Map Reduce Intro CS4961-L22

L22: SC Report,

Map Reduce
November 23, 2010
• What is MapReduce?
• Example computing environment
• How it works
• Fault Tolerance
• Debugging
• Performance
• Google version = Map Reduce; Hadoop = Open source

What is MapReduce?

• Parallel programming model meant for large clusters

- User implements Map() and Reduce()

• Parallel computing framework

- Libraries take care of EVERYTHING else
- Parallelization
- Fault Tolerance
- Data Distribution
- Load Balancing

• Useful model for many practical tasks (large data)

Functional Abstractions Hide Parallelism
• Map and Reduce
• Functions borrowed from functional programming
languages (eg.
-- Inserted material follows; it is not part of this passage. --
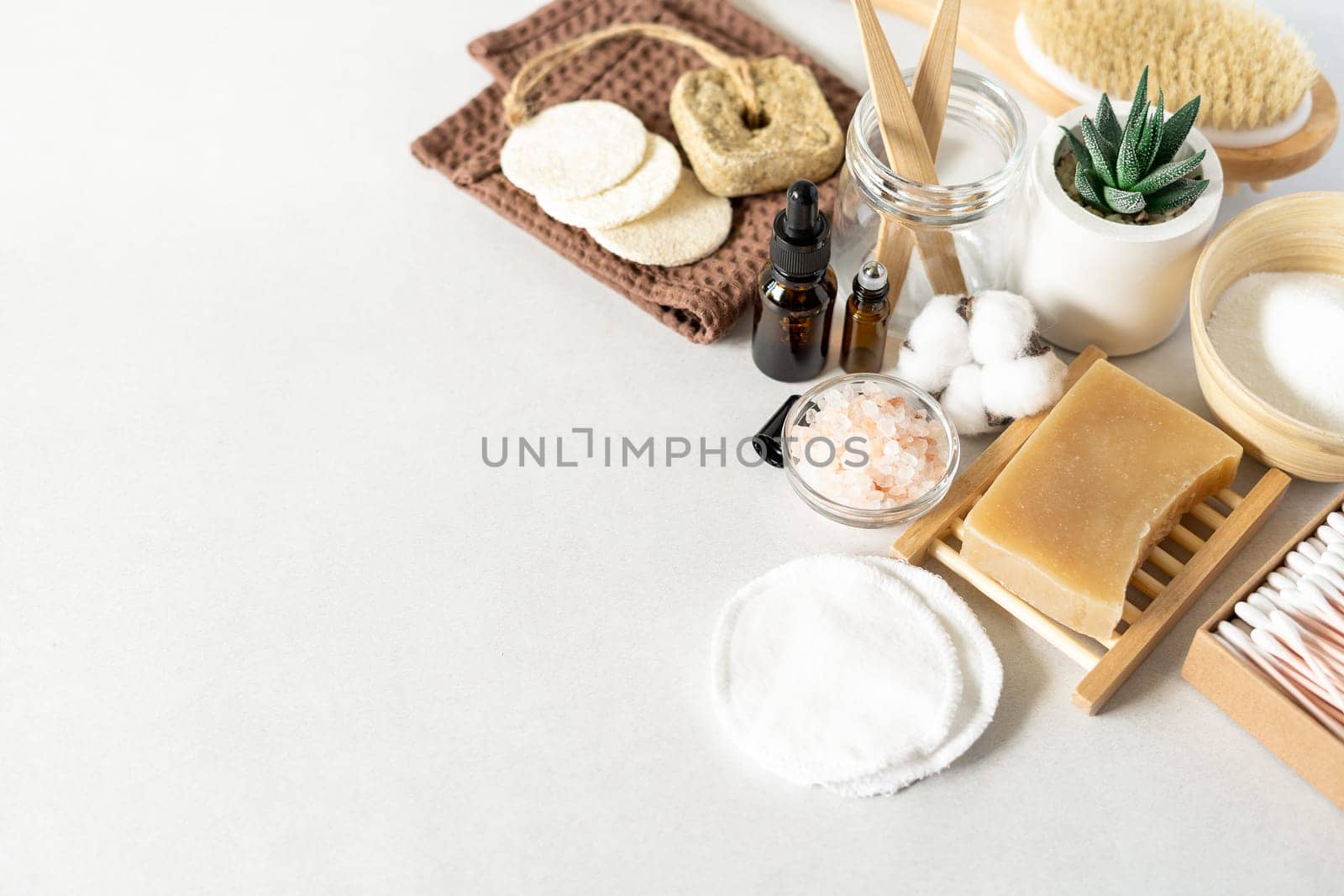Natural bathroom and home spa tools. Zero waste sustainable lifestyle concept. Bamboo toothbrush, natural soap bar, cotton pads, homemade DIY beauty products in reusable bottles on white background by Ostanina
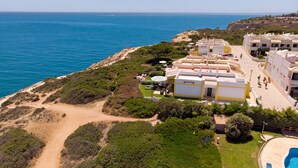 A coastal hotel with multiple buildings, a swimming pool, and a beach path.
Lisp)
• Map()
- Process a key/value pair to generate intermediate key/value
• Reduce()
- Merge all intermediate values associated with the same key

Example: Counting Words

• Map()
- Input <filename, file text>
- Parses file and emits <word, count> pairs
- eg. <”hello”, 1>

• Reduce()
- Sums values for the same key and emits <word, TotalCount>
- eg. <”hello”, (3 5 2 7)> => <”hello”, 17>
Example Use of MapReduce
• Counting words in a large set of documents

map(string key, string value)

//key: document name
//value: document contents
for each word w in value
EmitIntermediate(w, “1”);

reduce(string key, iterator values)

//key: word
//values: list of counts
int results = 0;
for each v in values
result += ParseInt(v);
How MapReduce Works

• User to do list:
- indicate:
- Input/output files
- M: number of map tasks
- R: number of reduce tasks
- W: number of machines
- Write map and reduce functions
- Submit the job

• This requires no knowledge of parallel/distributed

• What about everything else?
Data Distribution

• Input files are split into M pieces on distributed file

- Typically ~ 64 MB blocks

• Intermediate files created from map tasks are

written to local disk
• Output files are written to distributed file system
Assigning Tasks

• Many copies of user program are started

• Tries to utilize data localization by running map tasks
on machines with data
• One instance becomes
the Master
• Master finds idle machines and assigns them tasks
Execution (map)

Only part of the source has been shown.